After locating the line with "La femme caucasienne" below, output it and each following line exactly, stopping after the line with "Young nun in". No pictures.

RECORD EXCERPTS:
───

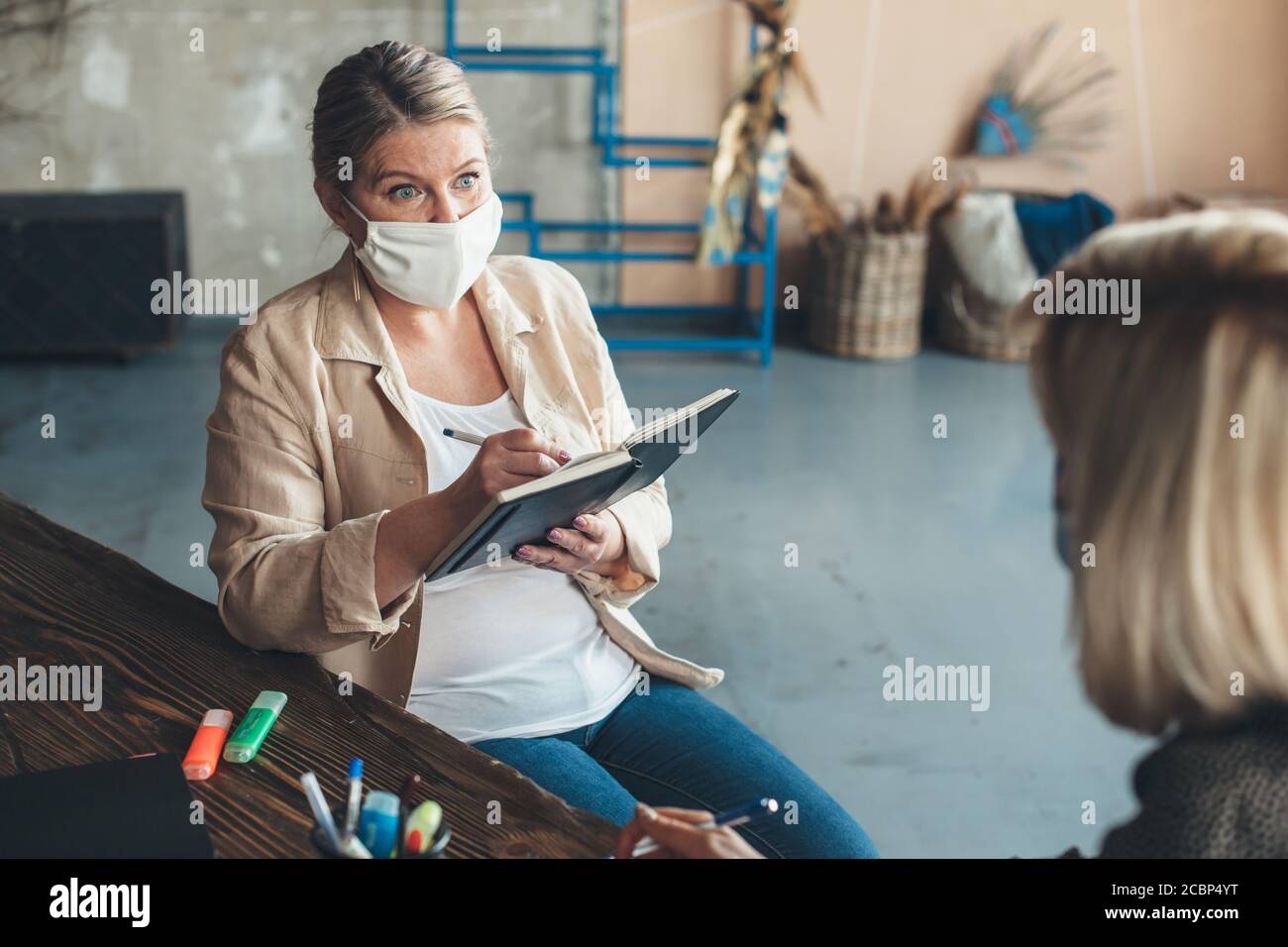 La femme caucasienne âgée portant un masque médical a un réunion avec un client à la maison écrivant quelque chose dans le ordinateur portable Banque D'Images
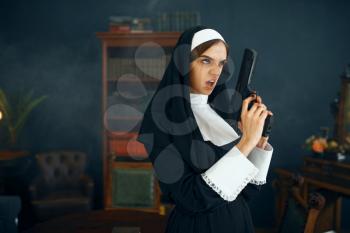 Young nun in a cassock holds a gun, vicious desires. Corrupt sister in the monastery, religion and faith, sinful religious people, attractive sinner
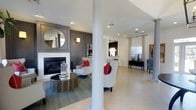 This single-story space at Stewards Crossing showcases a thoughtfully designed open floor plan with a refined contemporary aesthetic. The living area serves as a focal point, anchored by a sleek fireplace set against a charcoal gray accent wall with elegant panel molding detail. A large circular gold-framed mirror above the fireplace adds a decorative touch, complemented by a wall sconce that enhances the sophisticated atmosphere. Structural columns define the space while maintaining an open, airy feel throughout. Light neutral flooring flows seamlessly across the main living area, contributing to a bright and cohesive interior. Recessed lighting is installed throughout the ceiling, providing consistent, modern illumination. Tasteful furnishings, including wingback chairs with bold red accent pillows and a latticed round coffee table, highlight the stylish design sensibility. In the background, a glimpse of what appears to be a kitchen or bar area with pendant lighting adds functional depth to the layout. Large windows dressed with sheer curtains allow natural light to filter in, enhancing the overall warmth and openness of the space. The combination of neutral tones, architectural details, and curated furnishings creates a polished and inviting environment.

───

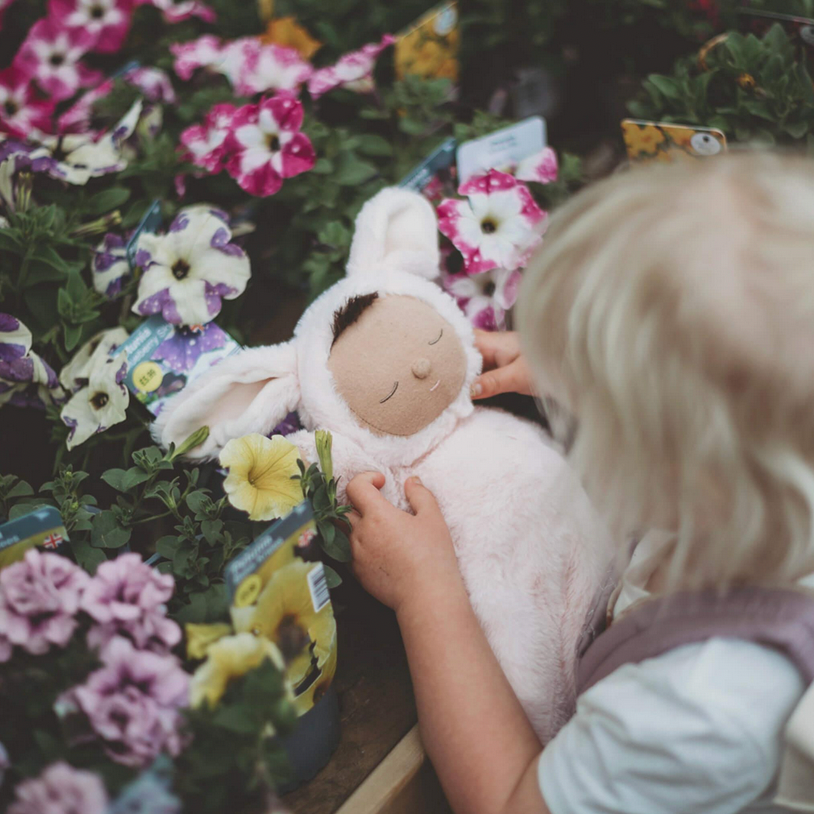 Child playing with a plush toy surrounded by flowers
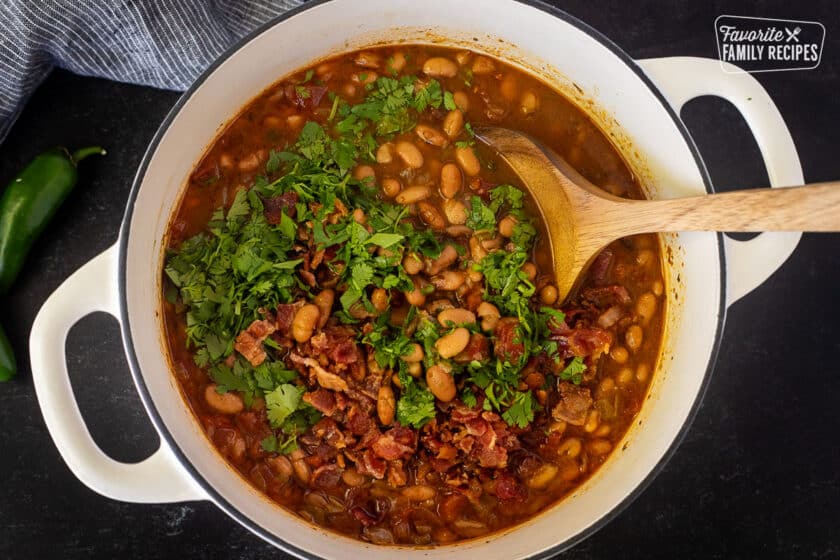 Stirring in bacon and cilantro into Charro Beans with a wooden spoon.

───

REPLY TO THE EXERCISE:
 La femme caucasienne âgée portant un masque médical a un réunion avec un client à la maison écrivant quelque chose dans le ordinateur portable Banque D'Images
 Young nun in a cassock holds a gun, vicious desires. Corrupt sister in the monastery, religion and faith, sinful religious people, attractive sinner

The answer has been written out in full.